=== Source data ===
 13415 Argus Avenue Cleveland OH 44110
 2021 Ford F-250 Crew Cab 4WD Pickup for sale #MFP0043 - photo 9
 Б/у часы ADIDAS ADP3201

---

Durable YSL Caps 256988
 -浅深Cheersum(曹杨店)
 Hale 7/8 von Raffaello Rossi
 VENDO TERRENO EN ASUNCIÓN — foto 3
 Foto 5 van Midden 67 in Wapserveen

=== Instructions to follow ===
Transcribe, exactly and without additions, the lines of the records above, beginning with the line that contains "13415 Argus Avenue Cleveland OH 44110" and ending with the line that contains "Б/у часы ADIDAS ADP3201", both included.

=== Task answer ===
 13415 Argus Avenue Cleveland OH 44110
 2021 Ford F-250 Crew Cab 4WD Pickup for sale #MFP0043 - photo 9
 Б/у часы ADIDAS ADP3201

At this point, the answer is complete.